When you restate the records, do so word for word and omit any picture they contain.

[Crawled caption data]
══════════════════════════════
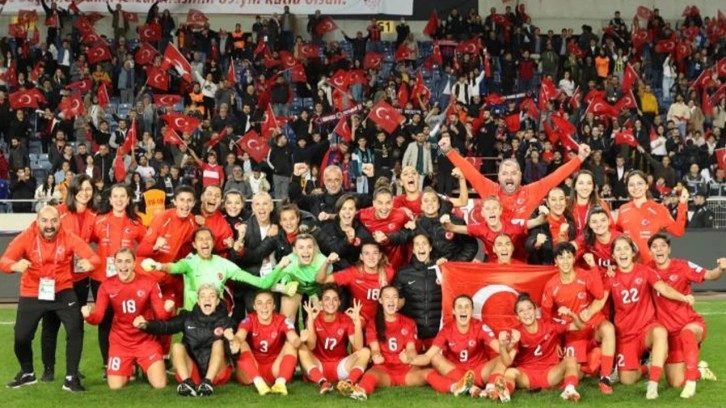 A Milli Kadın Futbol Takımı’nın Avrupa Elemeleri programı belli oldu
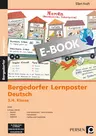 Lernposter Deutsch 3./4.Klasse - 6 Poster für den Klassenraum - Deutsch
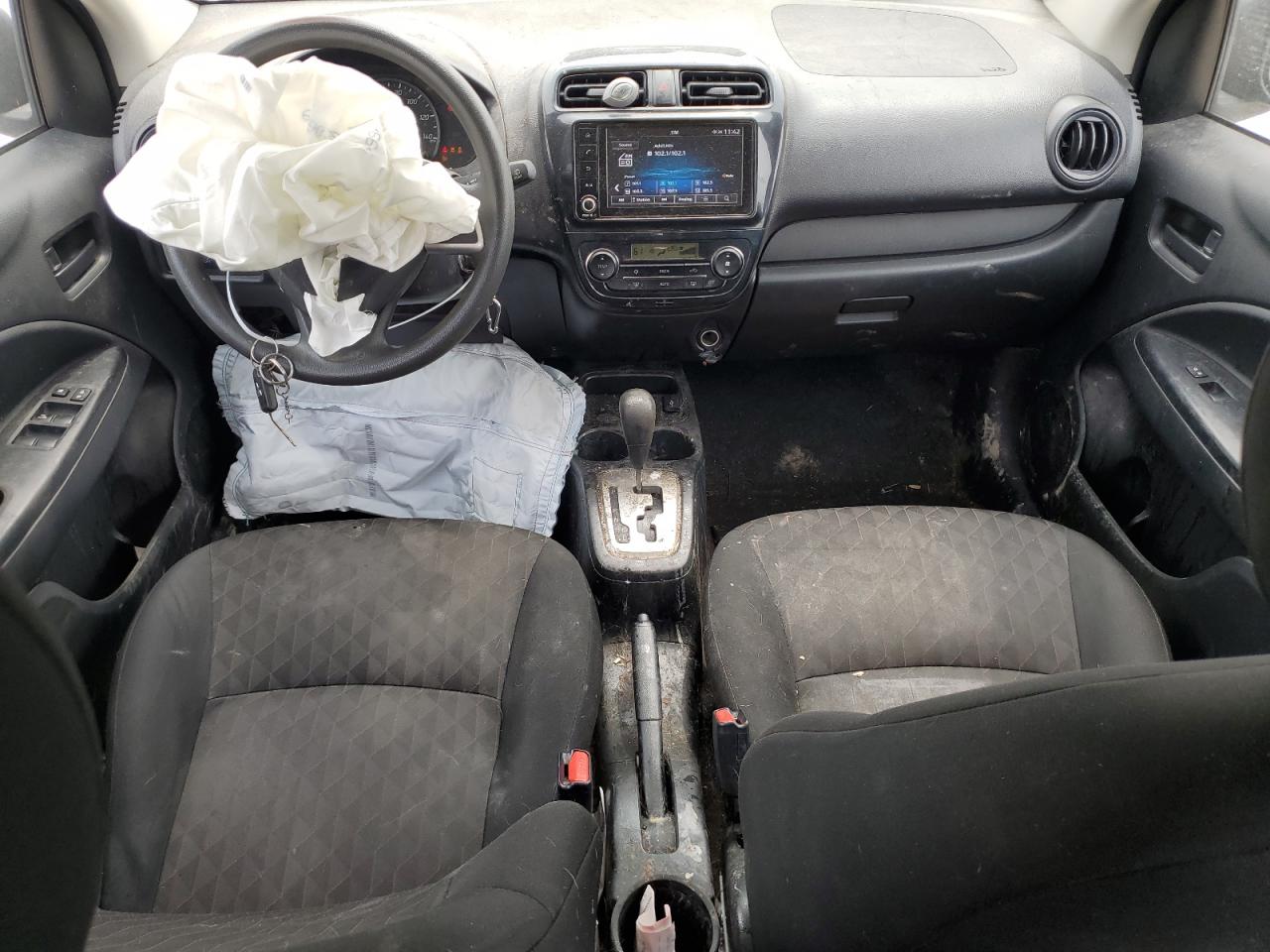 2021 Mitsubishi Mirage Es VIN: ML32AUHJ6MH002906 Lot: 60501695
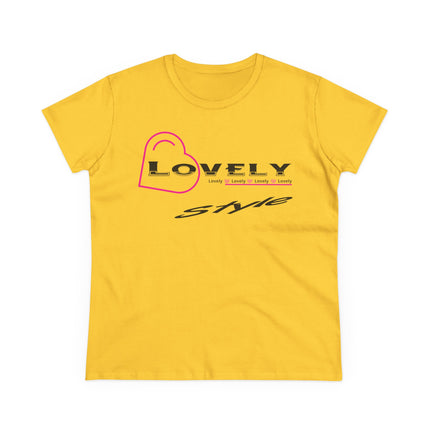 Lovely Style Graphic T-Shirt – Cute & Chic Vibes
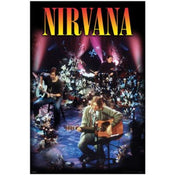 Poster Nirvana Unplugged 61x91 5cm PAS2329 | Yourdecoration.nl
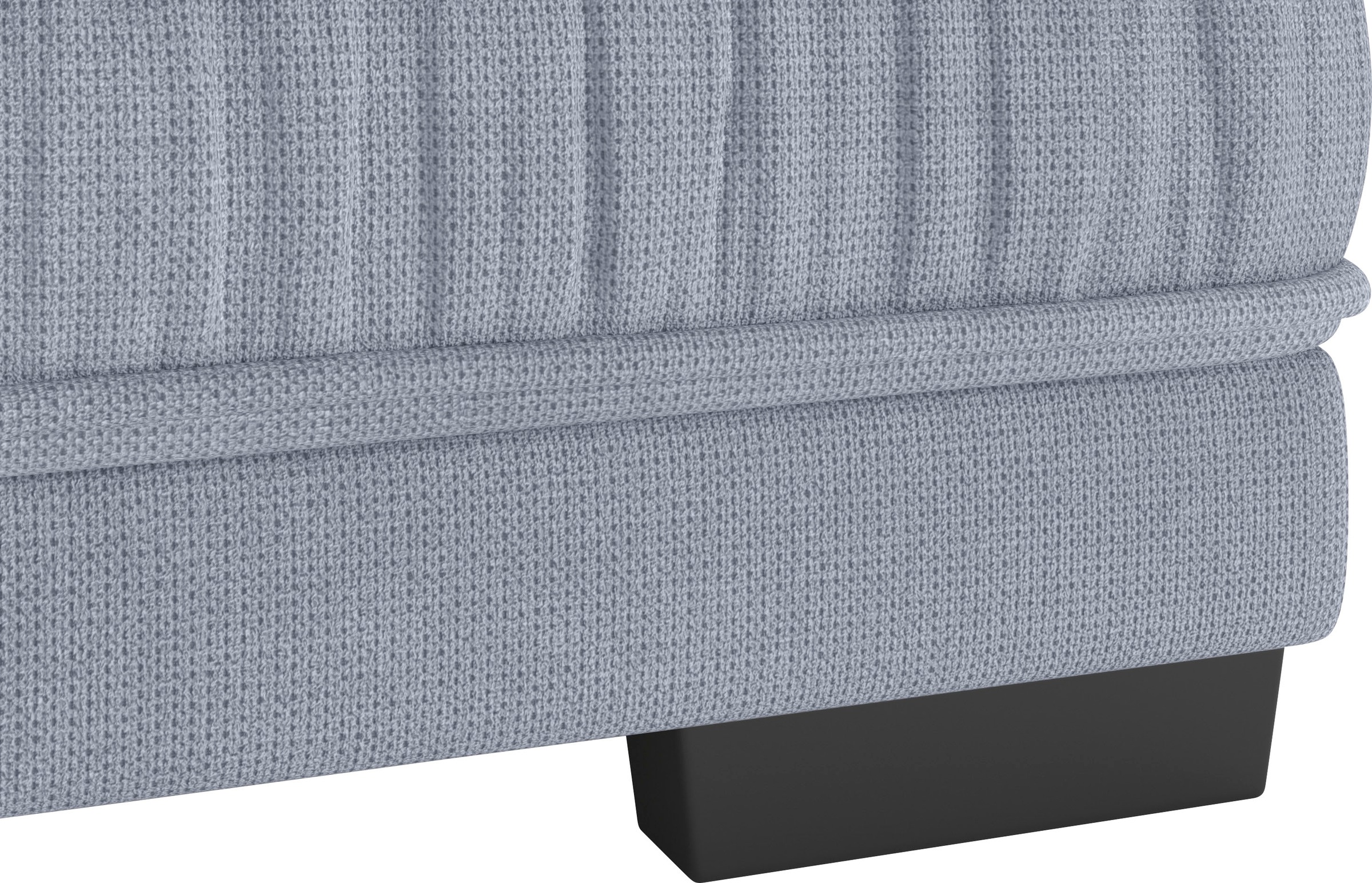 Mr. Couch Hockerbank »Diwan II«, Passend zur Garnitur, wahlweise mit DuraFlex-Polsterung, bis 140 kg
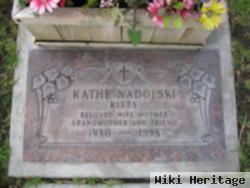 Kathe "kitty" Nadolski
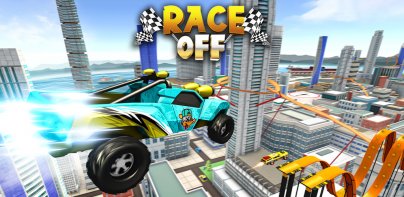 Race Off - Car Jumping Games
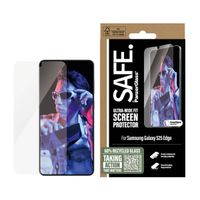 SAFE by PanzerGlass Ultra-Wide Fit Screenprotector inkl. Applikator Samsung Galaxy S25 Edge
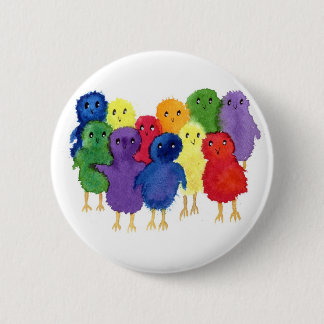 Easter Chicks Button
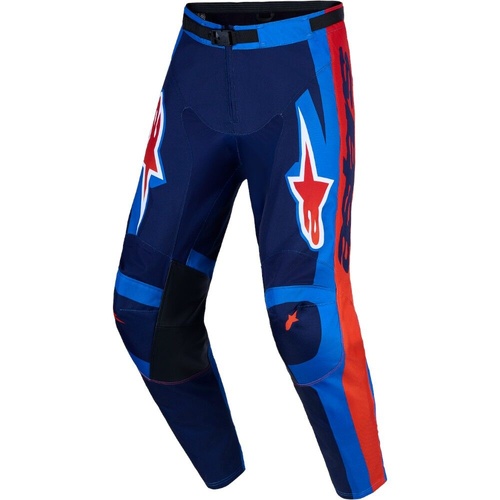 Alpinestars 2027 Racer Hunt Deep Blue / Fire Red Pants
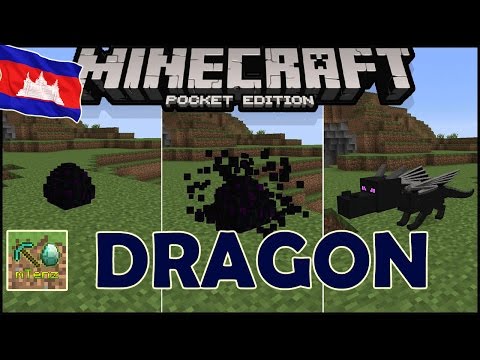 Download Youtube mp3  [2min Trick 7] How to spawn the Ender Dragon in Minecraft PE 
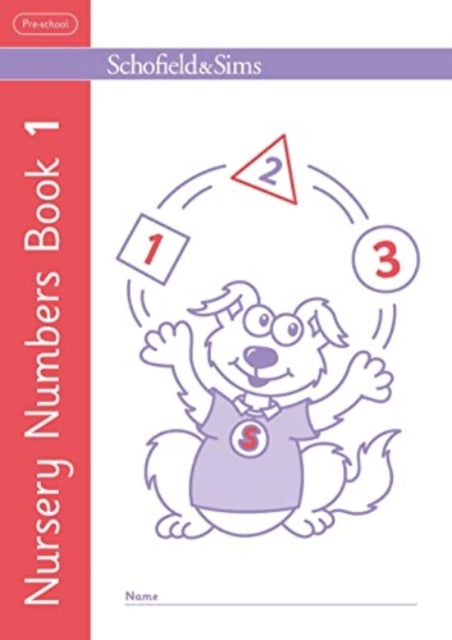 Nursery Numbers Book 1-9780721718064
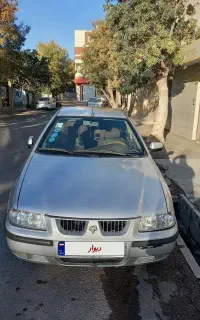 سمندlxمدل ۸۷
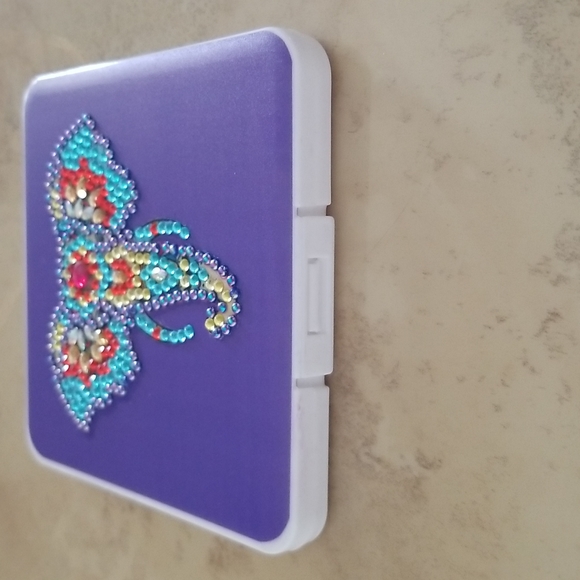 Jeweled Elephant Case NWOT - Picture 3 of 5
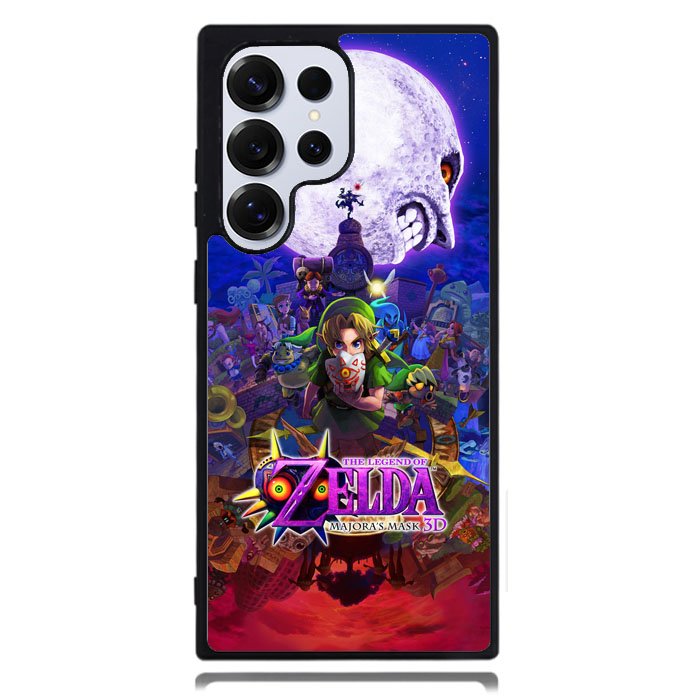 Zelda Majora Mask Samsung Galaxy S24 Ultra Case DC2000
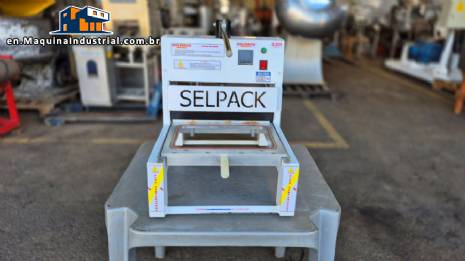 Benchtop sealer with simple template Selpack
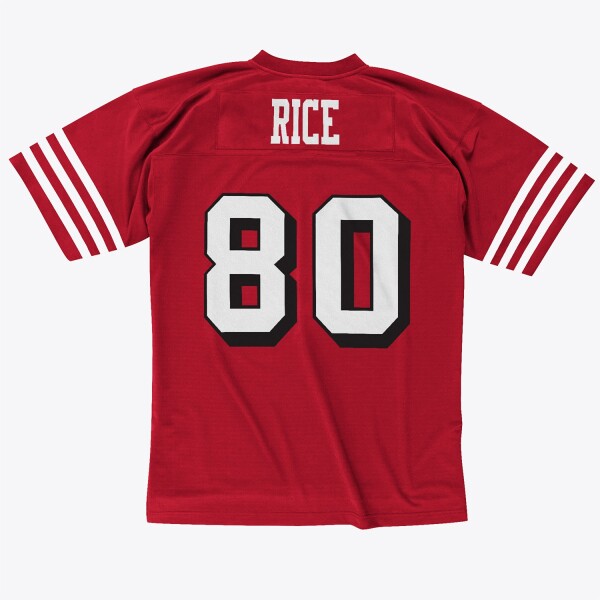 Mitchell & Ness Pánský dres San Francisco 49ers NFL Jerry Rice #80 1994 Legacy Throwback Velikost: XL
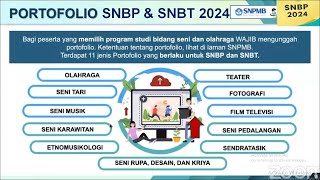 Ini Ketentuan Portofolio pada Pendaftaran SNBP dan SNBT 2024  SNPMB 2024 [upl. by Kathryne689]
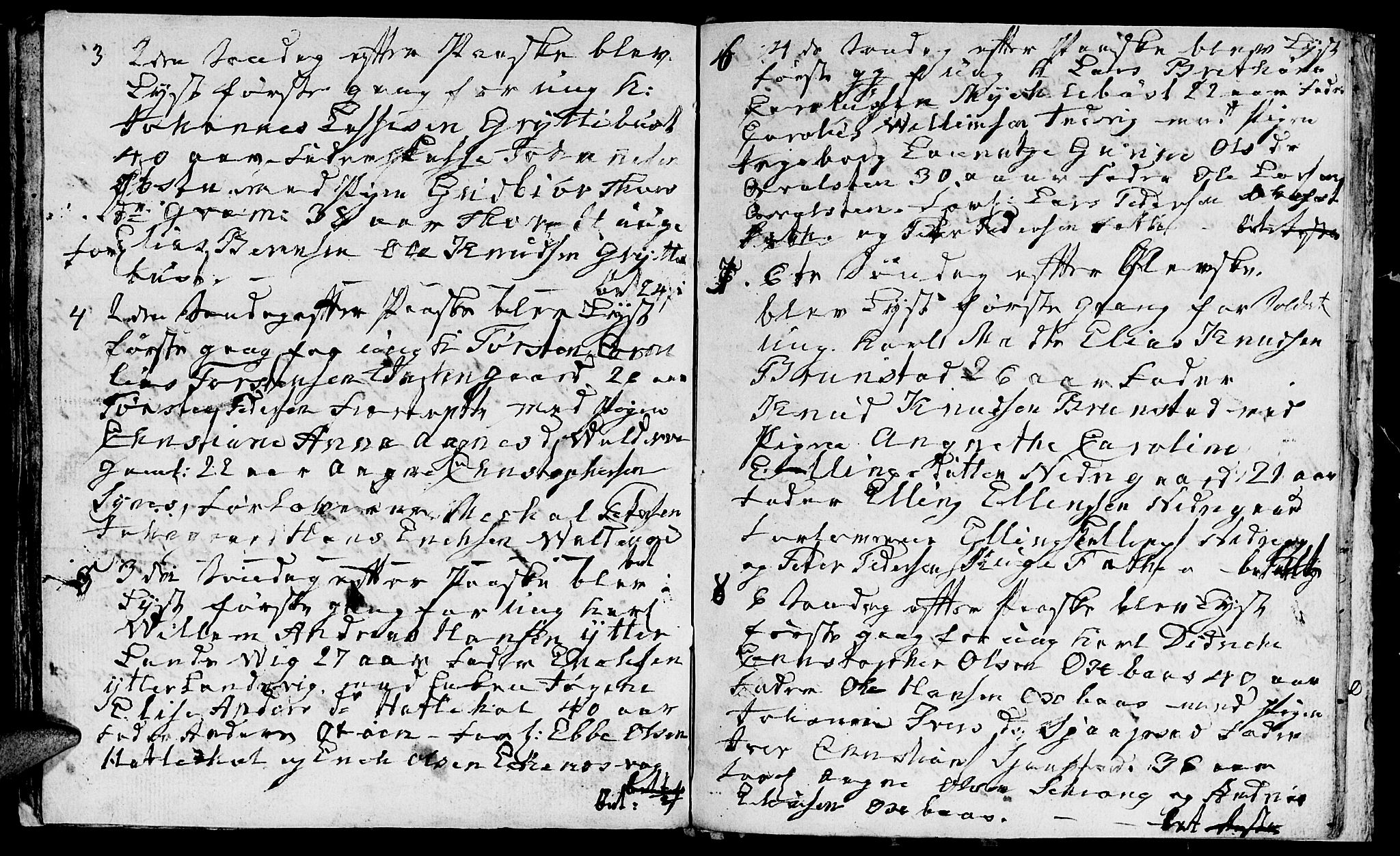 Ministerialprotokoller, klokkerbøker og fødselsregistre - Møre og Romsdal, AV/SAT-A-1454/528/L0424: Parish register (copy) no. 528C05, 1826-1847, p. 127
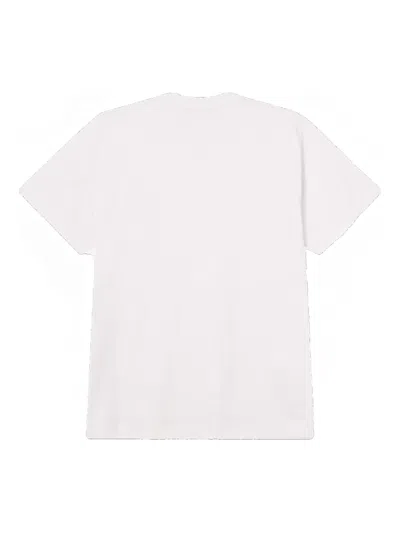 Obey Make Art Not War Graphic T-shirt In Gray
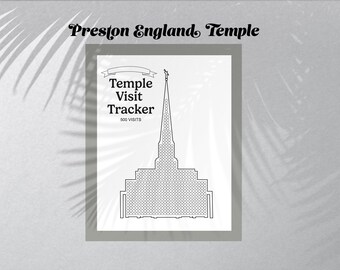 Preston England UK Temple Tor-Chart - 3 Pack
══════════════════════════════
Written solution |
 A Milli Kadın Futbol Takımı’nın Avrupa Elemeleri programı belli oldu
 Lernposter Deutsch 3./4.Klasse - 6 Poster für den Klassenraum - Deutsch
 2021 Mitsubishi Mirage Es VIN: ML32AUHJ6MH002906 Lot: 60501695
 Lovely Style Graphic T-Shirt – Cute & Chic Vibes
 Poster Nirvana Unplugged 61x91 5cm PAS2329 | Yourdecoration.nl
 Mr. Couch Hockerbank »Diwan II«, Passend zur Garnitur, wahlweise mit DuraFlex-Polsterung, bis 140 kg
 Kathe "kitty" Nadolski
 Race Off - Car Jumping Games
 SAFE by PanzerGlass Ultra-Wide Fit Screenprotector inkl. Applikator Samsung Galaxy S25 Edge
 Easter Chicks Button
 Alpinestars 2027 Racer Hunt Deep Blue / Fire Red Pants
 Download Youtube mp3  [2min Trick 7] How to spawn the Ender Dragon in Minecraft PE 
 Nursery Numbers Book 1-9780721718064
 سمندlxمدل ۸۷
 Jeweled Elephant Case NWOT - Picture 3 of 5
 Zelda Majora Mask Samsung Galaxy S24 Ultra Case DC2000
 Benchtop sealer with simple template Selpack
 Mitchell & Ness Pánský dres San Francisco 49ers NFL Jerry Rice #80 1994 Legacy Throwback Velikost: XL
 Ini Ketentuan Portofolio pada Pendaftaran SNBP dan SNBT 2024  SNPMB 2024 [upl. by Kathryne689]
 Ministerialprotokoller, klokkerbøker og fødselsregistre - Møre og Romsdal, AV/SAT-A-1454/528/L0424: Parish register (copy) no. 528C05, 1826-1847, p. 127
 Obey Make Art Not War Graphic T-shirt In Gray
 Preston England UK Temple Tor-Chart - 3 Pack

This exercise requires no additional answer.